Kristen Stewart is getting all the plaudits for her turn as Diana, and it’s not hard to see why. She has the mannerisms and voice cadence right in a way that few others have, despite not going full hog for the hair she manages to suggest the figure rather than become the figure. Her performance and the feel that this is all her paranoid thoughts is quite interesting and she commits to the in-your-face style that the film is going for. Sean Harris, similarly, as the stern but ultimately human head chef is very good. All too often Harris is cast in roles that allow him to play up his slender frame and harsh voice, but here he’s a much more sympathetic person.

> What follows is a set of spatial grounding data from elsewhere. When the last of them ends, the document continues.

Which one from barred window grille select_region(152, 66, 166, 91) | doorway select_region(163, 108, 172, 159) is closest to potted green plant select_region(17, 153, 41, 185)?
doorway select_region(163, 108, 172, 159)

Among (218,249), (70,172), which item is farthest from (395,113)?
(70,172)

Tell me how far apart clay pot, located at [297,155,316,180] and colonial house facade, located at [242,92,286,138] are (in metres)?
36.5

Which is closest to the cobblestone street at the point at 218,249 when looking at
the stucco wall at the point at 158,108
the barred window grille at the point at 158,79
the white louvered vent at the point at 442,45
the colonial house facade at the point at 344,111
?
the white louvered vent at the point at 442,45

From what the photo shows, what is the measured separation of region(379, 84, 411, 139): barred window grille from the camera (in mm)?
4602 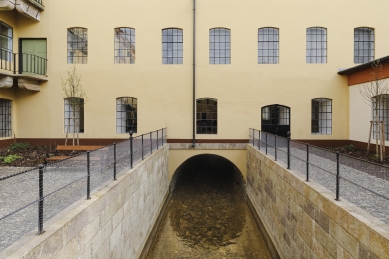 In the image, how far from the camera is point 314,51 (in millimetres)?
12867

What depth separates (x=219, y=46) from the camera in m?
12.9

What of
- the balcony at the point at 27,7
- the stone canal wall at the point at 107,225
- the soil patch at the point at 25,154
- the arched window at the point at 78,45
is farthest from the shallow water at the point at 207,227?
the balcony at the point at 27,7

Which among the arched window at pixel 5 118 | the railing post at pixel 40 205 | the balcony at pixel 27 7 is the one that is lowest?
the railing post at pixel 40 205

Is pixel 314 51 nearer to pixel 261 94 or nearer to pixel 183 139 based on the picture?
pixel 261 94

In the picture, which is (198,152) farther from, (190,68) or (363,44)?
(363,44)

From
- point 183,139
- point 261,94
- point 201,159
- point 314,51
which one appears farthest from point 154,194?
point 314,51

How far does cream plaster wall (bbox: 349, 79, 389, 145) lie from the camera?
11.5 meters

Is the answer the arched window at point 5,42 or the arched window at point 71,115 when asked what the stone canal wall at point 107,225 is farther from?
the arched window at point 5,42

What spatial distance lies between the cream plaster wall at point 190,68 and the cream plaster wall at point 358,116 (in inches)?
13.2

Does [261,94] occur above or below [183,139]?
above

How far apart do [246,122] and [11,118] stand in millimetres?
11346

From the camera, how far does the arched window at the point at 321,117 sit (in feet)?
42.4

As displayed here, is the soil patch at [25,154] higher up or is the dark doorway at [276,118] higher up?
the dark doorway at [276,118]

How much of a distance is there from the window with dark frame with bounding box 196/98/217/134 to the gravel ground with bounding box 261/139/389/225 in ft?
24.0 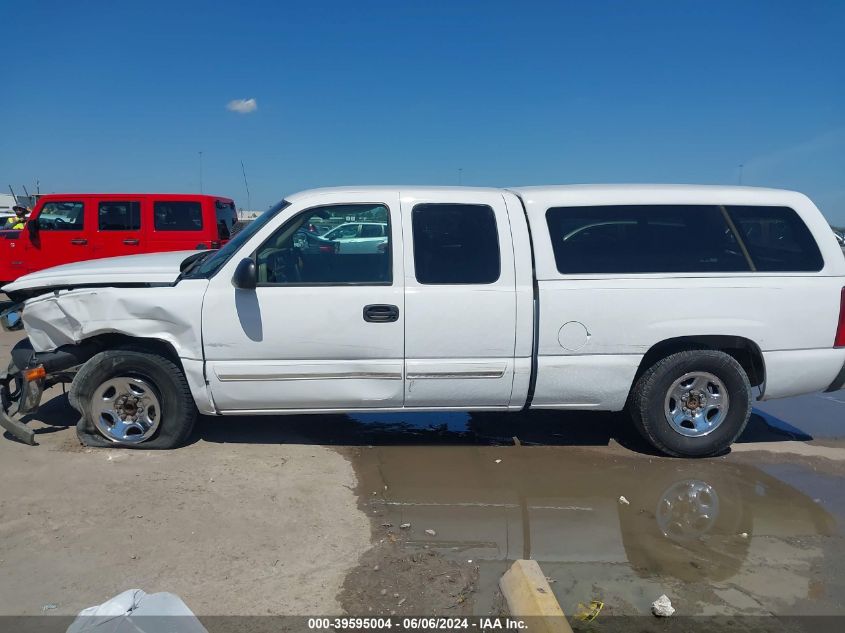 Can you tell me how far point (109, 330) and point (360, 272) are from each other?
1.78 metres

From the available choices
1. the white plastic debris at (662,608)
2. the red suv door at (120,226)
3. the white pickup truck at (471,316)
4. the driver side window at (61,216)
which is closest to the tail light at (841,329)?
the white pickup truck at (471,316)

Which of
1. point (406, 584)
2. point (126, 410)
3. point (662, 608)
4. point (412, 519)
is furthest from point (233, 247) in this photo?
point (662, 608)

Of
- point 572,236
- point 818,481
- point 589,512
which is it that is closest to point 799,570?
point 589,512

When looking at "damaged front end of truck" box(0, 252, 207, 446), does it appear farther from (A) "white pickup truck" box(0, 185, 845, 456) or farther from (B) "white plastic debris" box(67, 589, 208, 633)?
(B) "white plastic debris" box(67, 589, 208, 633)

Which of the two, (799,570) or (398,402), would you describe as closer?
(799,570)

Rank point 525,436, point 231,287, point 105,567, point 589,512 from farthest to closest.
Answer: point 525,436 < point 231,287 < point 589,512 < point 105,567

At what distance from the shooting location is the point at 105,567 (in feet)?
11.6

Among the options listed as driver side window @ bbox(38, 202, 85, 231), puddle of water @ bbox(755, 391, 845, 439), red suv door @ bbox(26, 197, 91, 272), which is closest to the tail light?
puddle of water @ bbox(755, 391, 845, 439)

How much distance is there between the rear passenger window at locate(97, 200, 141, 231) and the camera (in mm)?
11492

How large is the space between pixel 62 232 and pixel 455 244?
901 centimetres

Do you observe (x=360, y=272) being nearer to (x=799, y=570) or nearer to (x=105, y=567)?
(x=105, y=567)

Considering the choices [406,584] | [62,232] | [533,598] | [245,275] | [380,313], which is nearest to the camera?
[533,598]

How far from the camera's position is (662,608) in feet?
10.8

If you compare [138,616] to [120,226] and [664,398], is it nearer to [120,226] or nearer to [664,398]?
[664,398] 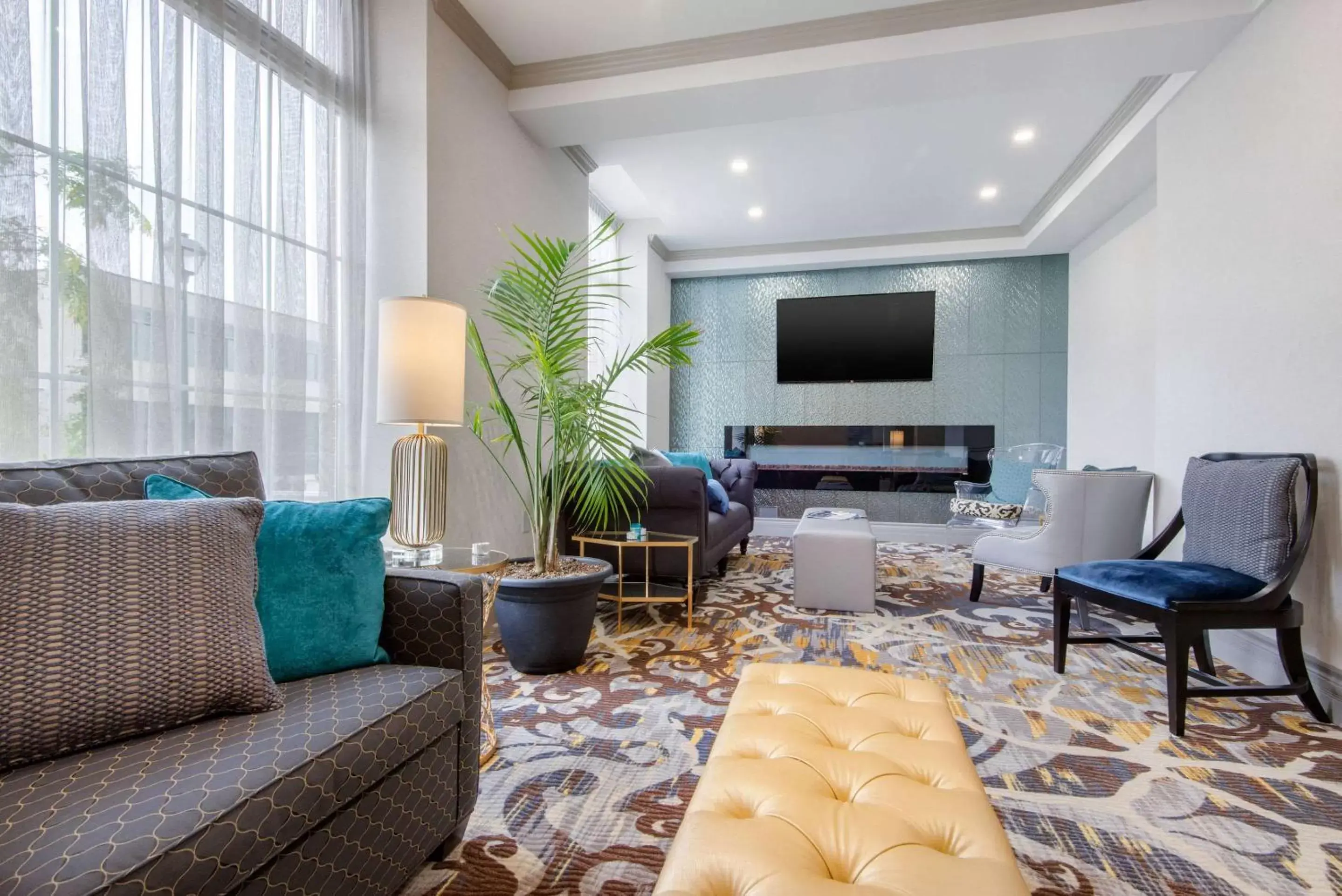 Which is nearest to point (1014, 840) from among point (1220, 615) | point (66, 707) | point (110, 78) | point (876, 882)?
point (876, 882)

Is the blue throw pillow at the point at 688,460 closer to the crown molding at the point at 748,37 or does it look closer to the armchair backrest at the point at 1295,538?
the crown molding at the point at 748,37

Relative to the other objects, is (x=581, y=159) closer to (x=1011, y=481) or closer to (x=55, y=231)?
(x=55, y=231)

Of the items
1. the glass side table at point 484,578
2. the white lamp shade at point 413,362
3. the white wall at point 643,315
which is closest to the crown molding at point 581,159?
the white wall at point 643,315

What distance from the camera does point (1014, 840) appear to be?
4.45ft

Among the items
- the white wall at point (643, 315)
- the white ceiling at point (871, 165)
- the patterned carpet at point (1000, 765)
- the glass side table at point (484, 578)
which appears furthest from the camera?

Coupled with a small role from Sally Hawkins there is the potential for a portrait of someone of the upstairs who really belongs to the downstairs.

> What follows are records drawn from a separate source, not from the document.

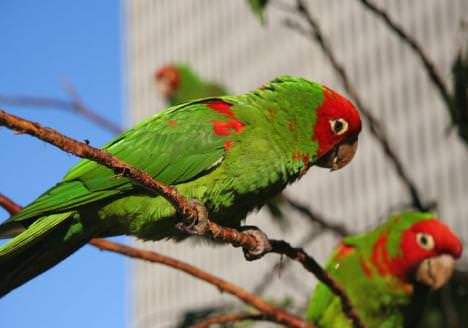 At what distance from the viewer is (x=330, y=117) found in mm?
2738

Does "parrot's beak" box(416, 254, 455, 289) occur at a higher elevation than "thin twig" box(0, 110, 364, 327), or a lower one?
lower

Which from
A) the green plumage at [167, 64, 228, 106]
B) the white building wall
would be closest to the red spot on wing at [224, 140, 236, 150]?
the green plumage at [167, 64, 228, 106]

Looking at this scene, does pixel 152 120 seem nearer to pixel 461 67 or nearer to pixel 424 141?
pixel 461 67

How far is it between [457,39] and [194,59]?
194ft

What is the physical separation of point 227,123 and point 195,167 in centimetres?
21

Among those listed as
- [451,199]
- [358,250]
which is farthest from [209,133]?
[451,199]

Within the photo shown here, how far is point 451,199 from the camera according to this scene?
157 ft

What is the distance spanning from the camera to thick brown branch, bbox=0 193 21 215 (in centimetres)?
252

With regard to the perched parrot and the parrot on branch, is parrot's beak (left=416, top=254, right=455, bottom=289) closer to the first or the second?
the parrot on branch

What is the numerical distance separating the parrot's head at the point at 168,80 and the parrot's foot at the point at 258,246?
5.32 metres

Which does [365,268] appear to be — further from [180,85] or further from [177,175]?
[180,85]

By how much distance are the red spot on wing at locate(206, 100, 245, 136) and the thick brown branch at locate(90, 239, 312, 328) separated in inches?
17.6

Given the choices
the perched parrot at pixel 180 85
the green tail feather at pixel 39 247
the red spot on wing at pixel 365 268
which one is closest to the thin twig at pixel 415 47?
the red spot on wing at pixel 365 268

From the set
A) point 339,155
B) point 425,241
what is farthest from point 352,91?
point 425,241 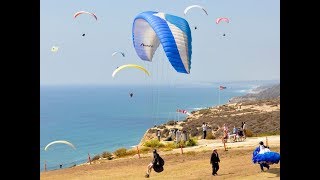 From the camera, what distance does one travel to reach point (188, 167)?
22297 mm

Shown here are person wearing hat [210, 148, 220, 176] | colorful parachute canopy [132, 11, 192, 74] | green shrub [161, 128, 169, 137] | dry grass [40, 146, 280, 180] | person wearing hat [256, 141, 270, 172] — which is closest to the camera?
person wearing hat [256, 141, 270, 172]

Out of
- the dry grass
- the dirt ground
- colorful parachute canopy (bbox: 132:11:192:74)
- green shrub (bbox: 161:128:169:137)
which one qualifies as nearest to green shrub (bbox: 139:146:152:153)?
the dirt ground

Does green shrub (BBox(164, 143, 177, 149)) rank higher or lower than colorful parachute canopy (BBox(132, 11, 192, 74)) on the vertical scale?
lower

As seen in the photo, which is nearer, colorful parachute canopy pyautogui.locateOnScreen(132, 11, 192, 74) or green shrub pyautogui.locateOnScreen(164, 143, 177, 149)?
colorful parachute canopy pyautogui.locateOnScreen(132, 11, 192, 74)

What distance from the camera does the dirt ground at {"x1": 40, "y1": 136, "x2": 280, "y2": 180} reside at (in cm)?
1983

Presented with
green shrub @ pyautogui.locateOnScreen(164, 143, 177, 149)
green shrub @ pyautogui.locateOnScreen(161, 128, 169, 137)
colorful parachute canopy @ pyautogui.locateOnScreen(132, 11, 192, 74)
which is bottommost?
green shrub @ pyautogui.locateOnScreen(161, 128, 169, 137)

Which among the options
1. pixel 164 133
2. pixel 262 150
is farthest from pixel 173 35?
pixel 164 133

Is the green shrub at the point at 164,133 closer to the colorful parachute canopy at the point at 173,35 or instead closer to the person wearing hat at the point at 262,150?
the colorful parachute canopy at the point at 173,35

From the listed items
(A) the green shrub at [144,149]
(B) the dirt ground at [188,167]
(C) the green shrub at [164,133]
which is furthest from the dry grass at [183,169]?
(C) the green shrub at [164,133]

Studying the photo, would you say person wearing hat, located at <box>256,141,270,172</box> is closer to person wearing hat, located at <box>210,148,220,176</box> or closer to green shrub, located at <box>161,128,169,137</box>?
person wearing hat, located at <box>210,148,220,176</box>

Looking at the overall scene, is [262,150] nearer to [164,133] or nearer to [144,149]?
[144,149]

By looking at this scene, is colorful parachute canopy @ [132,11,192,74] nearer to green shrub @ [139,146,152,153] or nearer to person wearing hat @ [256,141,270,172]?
person wearing hat @ [256,141,270,172]

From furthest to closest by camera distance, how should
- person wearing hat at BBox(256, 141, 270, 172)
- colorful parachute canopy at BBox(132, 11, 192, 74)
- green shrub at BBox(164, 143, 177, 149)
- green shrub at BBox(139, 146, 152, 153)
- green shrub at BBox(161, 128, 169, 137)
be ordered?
green shrub at BBox(161, 128, 169, 137) → green shrub at BBox(164, 143, 177, 149) → green shrub at BBox(139, 146, 152, 153) → colorful parachute canopy at BBox(132, 11, 192, 74) → person wearing hat at BBox(256, 141, 270, 172)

Kristen Stewart in Spencer.

But the film is far too self-conscious to ever go nuts. Much like Jackie, shining a light on a woman in the shadow of her powerful husband, his intense family, and his numerous affairs is an interesting concept. Jackie Kennedy and Diana have points of mutual crossover. Even so the film never fully commits to either idea – is she paranoid, or is this a grand gaslighting scheme by the royals. The institution of the Royal family isn’t played for the incestuous monstrosity it is but rather a settlement of OCD aliens that have to stick to a schedule lest disaster occur.

None of them look like the royals, perhaps if you wrapped a plastic bag around your head to the point of passing out and then took it off you might mistake the skinny Alan Bennett-look alike for Charles. Certainly even with the most kind hearted mind you’d say that the kids look like Harry and William. One might argue it doesn’t matter, only Diana is one of the most recognisable women of the last fifty years, and the Royals are the last big dynasty around. They’re globally known, their image everywhere. The film has the utmost sympathy for Diana and the hellish prison she finds herself, told when to open Christmas presents, how to sit, what to wear for each part of the day. It doesn’t, however, ever actually examine how much Diana uses her stature for her own selfish ends.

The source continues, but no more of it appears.